A colleague who had taken a similar course in Connecticut suggested Munson start his own version back home. Initially, he pilfered the trial choices from the earlier course, “but there were a few people who put their own together,” he recalls, “like the person who did the trial of Jesus or the baseball fan who did the Black Sox scandal.” Others have lectured on the Boston Massacre (1770), Sam Sheppard (1954), the Rosenbergs (1951) and OJ Simpson (1994). But the one Munson always chose to lead is the treason trial of Aaron Burr.
“Lin-Manuel Miranda’s musical ends in 1804, when Burr shoots Hamilton, but the trial was 1807,” he explains. In between, Burr and Jefferson grew to hate each other, despite being running mates, and Jefferson ditched Burr in his second term. Out of a job in 1805, “Burr lays the groundwork for a revolution among everybody west of the Appalachian Mountains—from Pittsburgh to the Mississippi—saying, ‘These Easterners take all your money, tax your whiskey and you never see anything from them,’” Munson says. Then Burr and company planned to seize an armory and bank to help fund and arm the revolution. “Jefferson gets wind and calls the governor of Ohio to essentially send a militia to capture them. The governor arrests everybody, but Burr gets away, and Jefferson finally chases him down in Arkansas and drags him back to D.C. to try him.”
The big names involved in the trial included George Hay, William Wirt and Charles Lee for the prosecution; and Luther Martin, Edmund Randolph and John Wickham for the defense. “Burr was also a very good lawyer and questioned a lot of the witnesses on cross himself,” Munson adds.

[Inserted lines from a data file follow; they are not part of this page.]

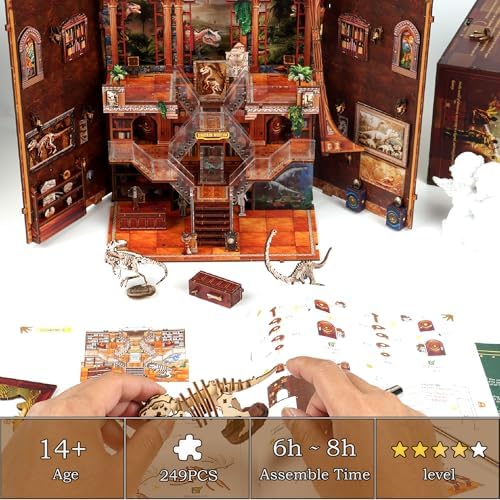Dinosaur Museum Dollhouse Book Nook - 3D Wooden Puzzle with LED Lights, DIY Miniature Diorama for Bookshelf Decor, Unique Gift for Adults & Teens - Image 3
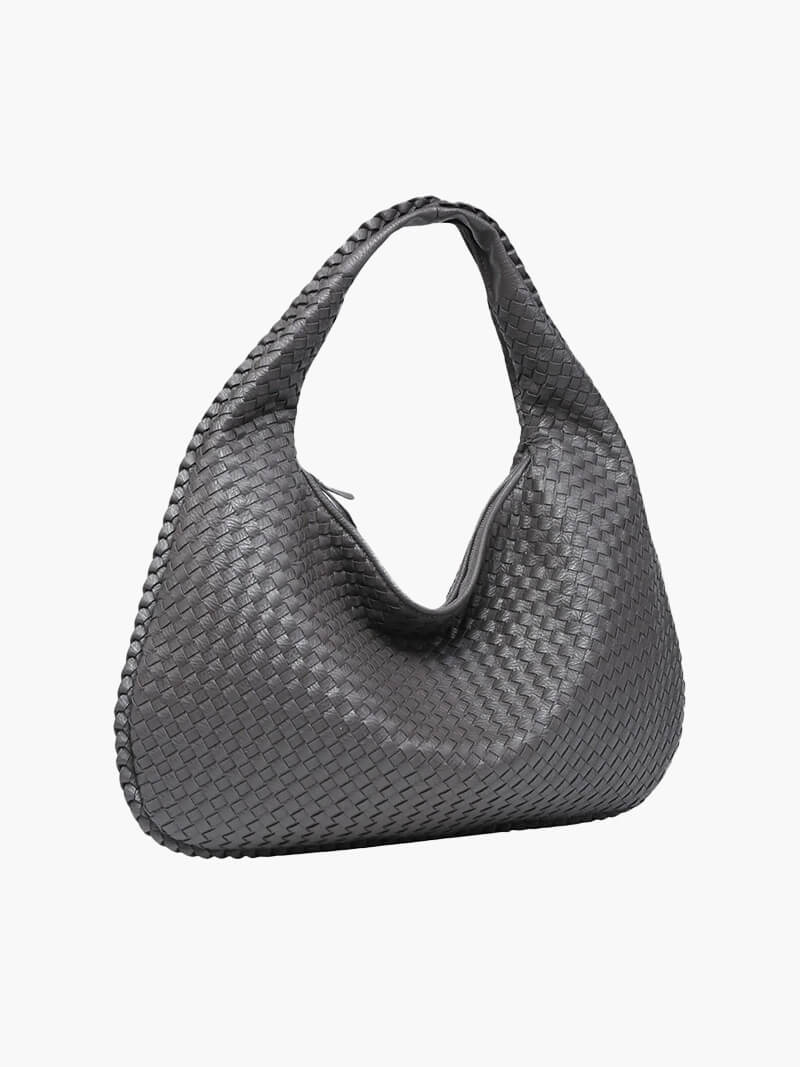 Woven Bag XL Oversized Woven Handbag - Lattice Detail Everyday Tote - Image 10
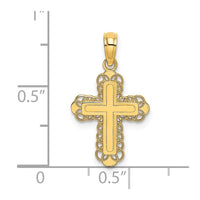 Load image into Gallery viewer, 14K Cross w/Solid Center and Lace Trim Charm
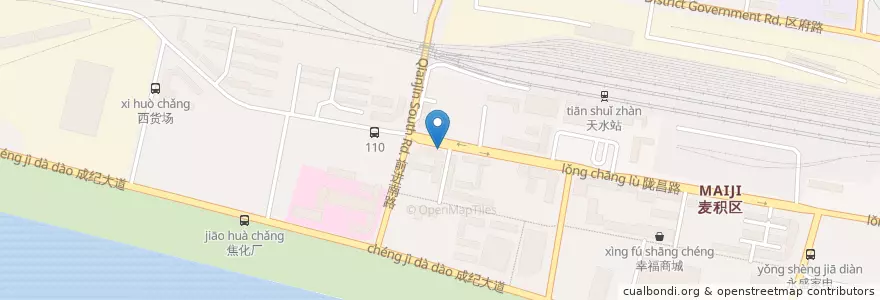Mapa de ubicacion de 华兴网吧 en Çin, Kansu, 天水市, 麦积区, 道南街道, 道北街道.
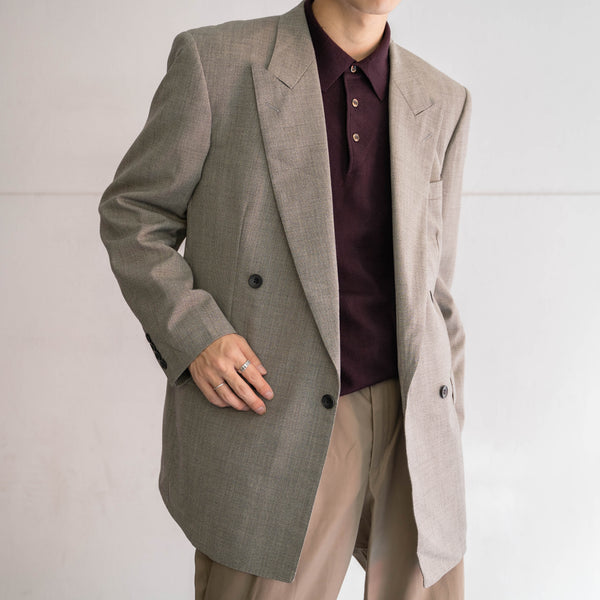 1990s Japan vintage gray melange double breasted tailored jacket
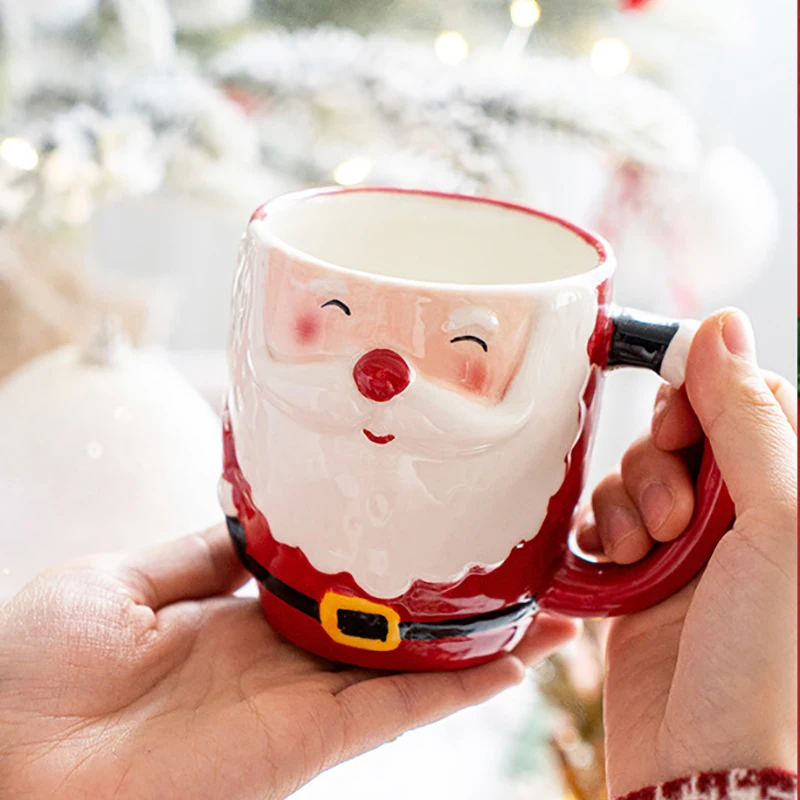 Santa Claus Mug Cartoon Ceramic Coffee Cup Decorate Home Breakfast Drinks Oatmeal Milk Mug Fine Ceramic Coffee Cup Holiday Gifts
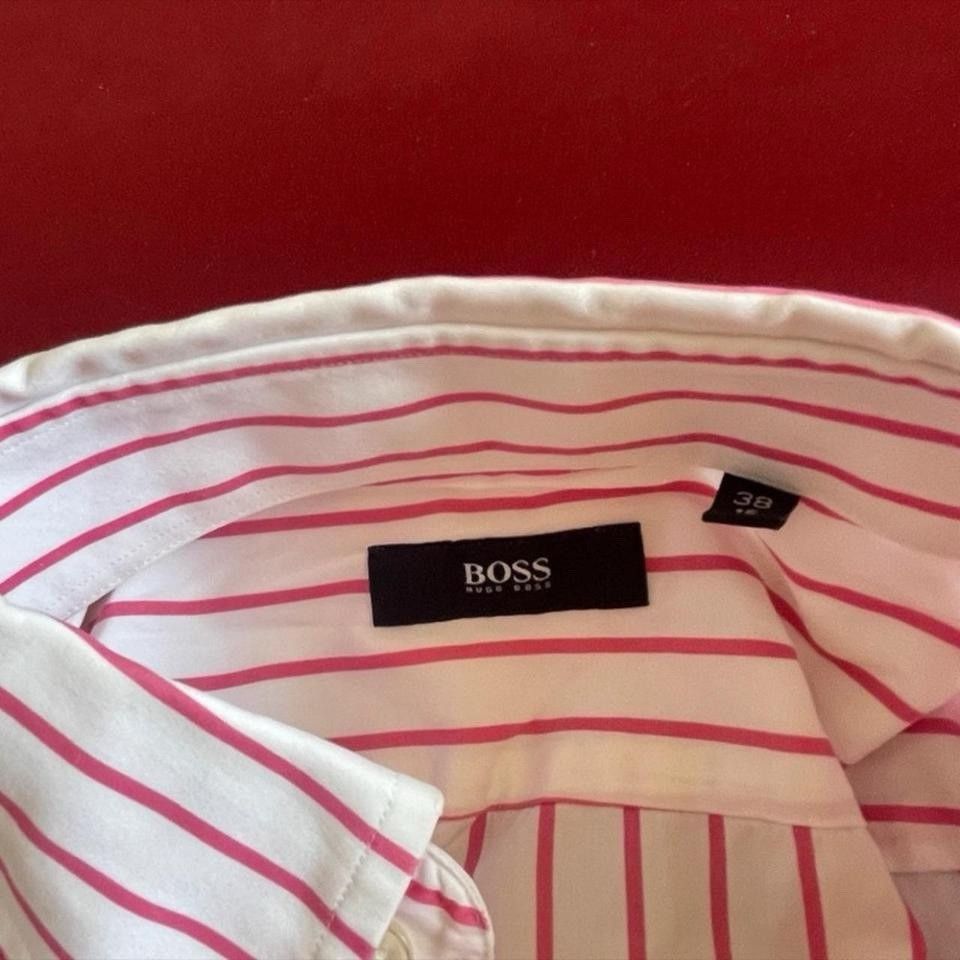 Hugo Boss BOSS Mens Shirt Short Sleeve White Striped Cotton Size 38 Size US M / EU 48-50 / 2 - 3 Thumbnail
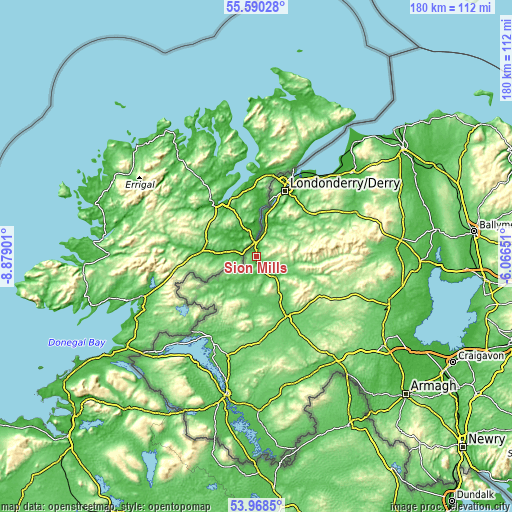 Topographic map of Sion Mills
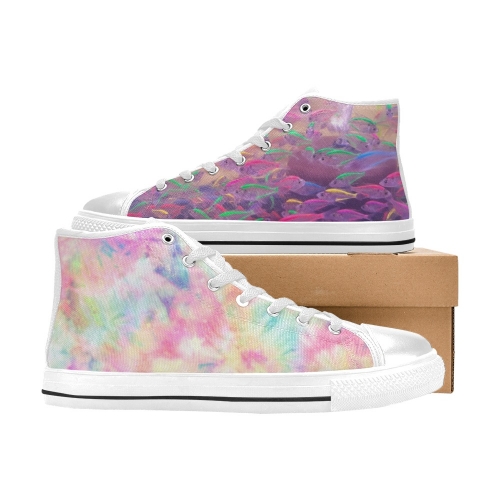 Women's High Top Canvas Shoes-4 Sides (Model 017)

“It gets somehow arranged that John Marshall, who was a distant cousin of Jefferson’s and chief justice of the United States Supreme Court, ends up being the judge for this case,” he says. “Throughout the trial, Jefferson would get reports on how it was going and he would write letters to Hay and tell him how to prosecute. I mean, this is the president telling the prosecutor, ‘Tomorrow at the trial you need to do X.’ Ultimately, Jefferson wanted to control the trial. But not surprisingly, a country that was built out of treason led to a law that was pretty hard to break. You had to have both the conspiracy to wage war and actual acts of engaging in war, and those acts had to be in the district where he was being tried.”
Despite 133 witnesses testifying that Burr colluded, the prosecution had no evidence of Burr levying war because the governor had stopped them in the act. “So Marshall gives the jury a day’s worth of instructions,” Munson continues. “Essentially, he won’t let them find Burr guilty unless they make a couple of very direct findings that there was no evidence of. The jury wasn’t particularly happy about being boxed in, so their verdict said, ‘We the jury say that Aaron Burr is not proved guilty.’ They refuse to say, ‘We find him not guilty.’ They kind of let their displeasure be known. And Burr was pissed about the verdict. He argued and tried to get Marshall to get them to come back with a verdict that said not guilty, but Marshall wouldn’t do it.”
What makes this trial his favorite? “The historical underpinnings are as interesting as the shenanigans that happened in the trial—all covered in a bubble of being extremely and profoundly important from a macro level,” Munson says. “With a lot of trials, some are historically very interesting but what actually happens in the trial may not be. Or the shenanigans in the trial are interesting, but from a kind of macro historic viewpoint, not all that significant. This has both.”